Features of PDF to CSV API Endpoint

The PDF.co Web API provides tools and functionalities to convert any PDF document or scanned image to CSV. This process preserves the formatting, the text, the vectors, and the images efficiently after the conversion. The API uses the method of automatic document classification of incoming documents. The users can utilize the document classifier endpoint to automatically sort and detect the document’s class on their keywords-based rules.

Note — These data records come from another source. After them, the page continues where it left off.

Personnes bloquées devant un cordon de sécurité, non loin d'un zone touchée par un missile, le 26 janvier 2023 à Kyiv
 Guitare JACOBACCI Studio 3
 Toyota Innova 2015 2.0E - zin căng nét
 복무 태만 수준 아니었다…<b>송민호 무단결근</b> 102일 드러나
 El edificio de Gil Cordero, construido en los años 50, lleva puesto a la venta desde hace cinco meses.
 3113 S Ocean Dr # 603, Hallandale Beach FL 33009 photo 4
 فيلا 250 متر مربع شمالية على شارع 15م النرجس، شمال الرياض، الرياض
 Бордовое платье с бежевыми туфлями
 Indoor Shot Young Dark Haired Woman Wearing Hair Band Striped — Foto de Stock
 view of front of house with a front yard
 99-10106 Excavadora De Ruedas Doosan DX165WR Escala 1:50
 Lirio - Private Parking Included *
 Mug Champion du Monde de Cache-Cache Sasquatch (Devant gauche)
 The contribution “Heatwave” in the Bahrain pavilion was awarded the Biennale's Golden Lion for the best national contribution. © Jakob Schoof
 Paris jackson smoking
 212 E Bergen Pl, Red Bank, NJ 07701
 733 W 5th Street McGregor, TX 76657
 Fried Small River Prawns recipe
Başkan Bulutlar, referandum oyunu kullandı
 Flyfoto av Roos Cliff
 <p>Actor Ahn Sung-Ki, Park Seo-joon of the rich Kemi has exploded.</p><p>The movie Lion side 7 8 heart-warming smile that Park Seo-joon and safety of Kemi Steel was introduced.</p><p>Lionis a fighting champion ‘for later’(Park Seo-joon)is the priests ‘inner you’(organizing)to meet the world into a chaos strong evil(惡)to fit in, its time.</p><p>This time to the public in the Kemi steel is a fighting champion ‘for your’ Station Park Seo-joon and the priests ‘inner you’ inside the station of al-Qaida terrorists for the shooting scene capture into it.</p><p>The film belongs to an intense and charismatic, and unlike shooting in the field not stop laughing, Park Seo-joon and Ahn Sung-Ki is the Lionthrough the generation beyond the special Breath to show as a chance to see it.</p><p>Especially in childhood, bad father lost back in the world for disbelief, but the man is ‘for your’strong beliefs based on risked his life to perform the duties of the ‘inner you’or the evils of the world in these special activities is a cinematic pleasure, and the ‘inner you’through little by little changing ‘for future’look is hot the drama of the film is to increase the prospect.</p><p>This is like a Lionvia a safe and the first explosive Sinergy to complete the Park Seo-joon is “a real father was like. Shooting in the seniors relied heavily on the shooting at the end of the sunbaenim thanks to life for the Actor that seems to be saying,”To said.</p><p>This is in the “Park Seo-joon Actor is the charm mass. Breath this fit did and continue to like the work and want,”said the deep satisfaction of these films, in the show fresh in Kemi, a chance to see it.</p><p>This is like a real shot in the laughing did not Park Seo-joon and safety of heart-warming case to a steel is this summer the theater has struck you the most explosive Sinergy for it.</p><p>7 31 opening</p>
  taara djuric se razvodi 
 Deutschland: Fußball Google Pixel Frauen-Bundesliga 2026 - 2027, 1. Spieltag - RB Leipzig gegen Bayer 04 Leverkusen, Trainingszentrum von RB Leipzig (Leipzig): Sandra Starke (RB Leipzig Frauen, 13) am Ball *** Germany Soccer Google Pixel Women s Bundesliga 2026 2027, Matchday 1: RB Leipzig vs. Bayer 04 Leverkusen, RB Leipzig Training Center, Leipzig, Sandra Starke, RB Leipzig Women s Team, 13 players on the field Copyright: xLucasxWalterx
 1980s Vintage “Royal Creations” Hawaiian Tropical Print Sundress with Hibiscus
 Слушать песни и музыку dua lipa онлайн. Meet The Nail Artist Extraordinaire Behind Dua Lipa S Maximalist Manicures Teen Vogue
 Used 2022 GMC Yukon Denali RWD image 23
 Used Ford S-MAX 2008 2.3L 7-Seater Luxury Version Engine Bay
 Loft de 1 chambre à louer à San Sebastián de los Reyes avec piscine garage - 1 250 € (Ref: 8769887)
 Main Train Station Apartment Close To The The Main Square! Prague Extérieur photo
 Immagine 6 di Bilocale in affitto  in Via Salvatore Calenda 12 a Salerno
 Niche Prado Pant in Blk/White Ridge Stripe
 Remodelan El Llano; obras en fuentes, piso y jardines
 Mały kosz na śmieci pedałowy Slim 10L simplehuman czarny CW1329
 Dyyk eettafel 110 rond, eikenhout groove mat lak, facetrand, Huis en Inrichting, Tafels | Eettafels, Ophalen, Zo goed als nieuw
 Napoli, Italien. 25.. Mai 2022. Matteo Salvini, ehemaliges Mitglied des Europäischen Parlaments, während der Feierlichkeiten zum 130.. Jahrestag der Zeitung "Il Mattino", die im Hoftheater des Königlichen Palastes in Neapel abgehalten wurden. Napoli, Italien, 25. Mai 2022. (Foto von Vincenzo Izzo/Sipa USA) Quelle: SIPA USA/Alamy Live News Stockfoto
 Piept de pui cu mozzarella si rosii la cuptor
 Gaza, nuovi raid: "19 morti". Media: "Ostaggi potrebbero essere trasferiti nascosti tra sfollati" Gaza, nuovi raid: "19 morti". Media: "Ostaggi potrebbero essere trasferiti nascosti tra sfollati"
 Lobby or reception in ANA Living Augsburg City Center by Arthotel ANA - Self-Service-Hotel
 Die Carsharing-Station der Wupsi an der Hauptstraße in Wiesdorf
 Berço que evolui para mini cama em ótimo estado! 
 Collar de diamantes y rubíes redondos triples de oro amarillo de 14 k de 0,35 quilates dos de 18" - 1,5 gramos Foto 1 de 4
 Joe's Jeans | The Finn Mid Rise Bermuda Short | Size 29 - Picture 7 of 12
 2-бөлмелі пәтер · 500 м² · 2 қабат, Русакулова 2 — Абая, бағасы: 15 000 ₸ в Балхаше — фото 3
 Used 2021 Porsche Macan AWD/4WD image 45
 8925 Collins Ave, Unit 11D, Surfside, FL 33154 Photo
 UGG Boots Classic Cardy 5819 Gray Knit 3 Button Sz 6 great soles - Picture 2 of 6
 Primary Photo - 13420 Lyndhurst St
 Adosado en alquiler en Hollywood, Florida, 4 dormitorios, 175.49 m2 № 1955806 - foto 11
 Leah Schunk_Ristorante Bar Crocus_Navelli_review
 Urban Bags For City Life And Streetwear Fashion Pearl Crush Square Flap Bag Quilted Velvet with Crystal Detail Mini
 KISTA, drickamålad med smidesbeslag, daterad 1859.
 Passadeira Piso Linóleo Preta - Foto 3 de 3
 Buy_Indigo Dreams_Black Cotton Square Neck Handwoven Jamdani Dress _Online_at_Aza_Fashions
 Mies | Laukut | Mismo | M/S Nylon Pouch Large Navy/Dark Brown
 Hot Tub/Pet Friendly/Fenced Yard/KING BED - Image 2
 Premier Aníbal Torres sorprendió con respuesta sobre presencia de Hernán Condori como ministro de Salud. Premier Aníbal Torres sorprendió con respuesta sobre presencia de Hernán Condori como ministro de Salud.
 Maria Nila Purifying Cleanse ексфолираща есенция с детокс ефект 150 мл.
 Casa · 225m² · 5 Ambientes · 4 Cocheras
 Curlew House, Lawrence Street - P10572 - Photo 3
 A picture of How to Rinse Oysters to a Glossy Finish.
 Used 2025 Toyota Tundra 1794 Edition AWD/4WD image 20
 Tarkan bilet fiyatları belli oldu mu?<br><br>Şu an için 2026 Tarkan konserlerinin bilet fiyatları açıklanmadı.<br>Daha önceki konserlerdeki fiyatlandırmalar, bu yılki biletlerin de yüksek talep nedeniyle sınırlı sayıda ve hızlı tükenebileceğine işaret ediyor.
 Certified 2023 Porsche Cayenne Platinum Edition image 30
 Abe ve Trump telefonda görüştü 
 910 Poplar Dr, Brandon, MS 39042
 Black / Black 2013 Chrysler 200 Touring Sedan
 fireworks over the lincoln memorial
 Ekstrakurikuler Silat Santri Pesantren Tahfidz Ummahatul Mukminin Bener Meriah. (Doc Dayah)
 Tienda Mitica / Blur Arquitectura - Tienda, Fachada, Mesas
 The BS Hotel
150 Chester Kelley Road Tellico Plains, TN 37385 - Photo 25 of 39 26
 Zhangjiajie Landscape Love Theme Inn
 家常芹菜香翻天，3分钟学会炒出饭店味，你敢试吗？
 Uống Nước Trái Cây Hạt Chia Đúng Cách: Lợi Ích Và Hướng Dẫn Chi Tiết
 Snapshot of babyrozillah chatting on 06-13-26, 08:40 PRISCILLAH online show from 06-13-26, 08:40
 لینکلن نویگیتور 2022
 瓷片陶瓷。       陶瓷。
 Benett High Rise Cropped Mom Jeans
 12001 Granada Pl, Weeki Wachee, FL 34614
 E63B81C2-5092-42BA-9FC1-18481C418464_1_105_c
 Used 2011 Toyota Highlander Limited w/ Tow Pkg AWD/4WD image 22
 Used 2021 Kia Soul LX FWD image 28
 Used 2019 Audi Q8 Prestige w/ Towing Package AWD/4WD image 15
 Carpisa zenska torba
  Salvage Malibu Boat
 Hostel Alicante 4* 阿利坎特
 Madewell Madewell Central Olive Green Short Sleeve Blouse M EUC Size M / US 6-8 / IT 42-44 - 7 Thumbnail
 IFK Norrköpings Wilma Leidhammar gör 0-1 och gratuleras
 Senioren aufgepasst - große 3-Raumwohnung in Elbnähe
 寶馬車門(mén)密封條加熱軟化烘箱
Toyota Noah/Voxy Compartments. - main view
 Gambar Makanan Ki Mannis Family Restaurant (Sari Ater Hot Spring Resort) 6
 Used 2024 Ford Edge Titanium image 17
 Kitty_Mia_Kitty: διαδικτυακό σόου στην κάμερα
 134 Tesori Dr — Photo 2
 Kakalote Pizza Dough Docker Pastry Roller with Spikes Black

Another reason to use the PDF.co Web API for sensitive information is they provide a highly secure platform for its consumers. The platform transmits user data via encrypted connections to ensure security. The users can go through the security protocols in detail here.

Endpoint Parameters

Following are the PDF to CSV endpoint parameters:

  1. url: It is a required parameter that provides the URL to the source file. The PDF.co platform supports any publicly accessible URL, including those from Dropbox, Google Drive, and the built-in file storage of PDF.co.
  2. httpusername: It is an optional parameter that provides an HTTP auth user name to access the source URL if required.
  3. httppassword: It is an optional parameter that provides an HTTP auth password to access the source URL if needed.
  4. pages: It is an optional parameter and must be a string. The parameter provides a comma-separated list of the pages required. The users can set a page range by using “ -.” Moreover, the users can leave the parameter empty to indicate selecting all the pages.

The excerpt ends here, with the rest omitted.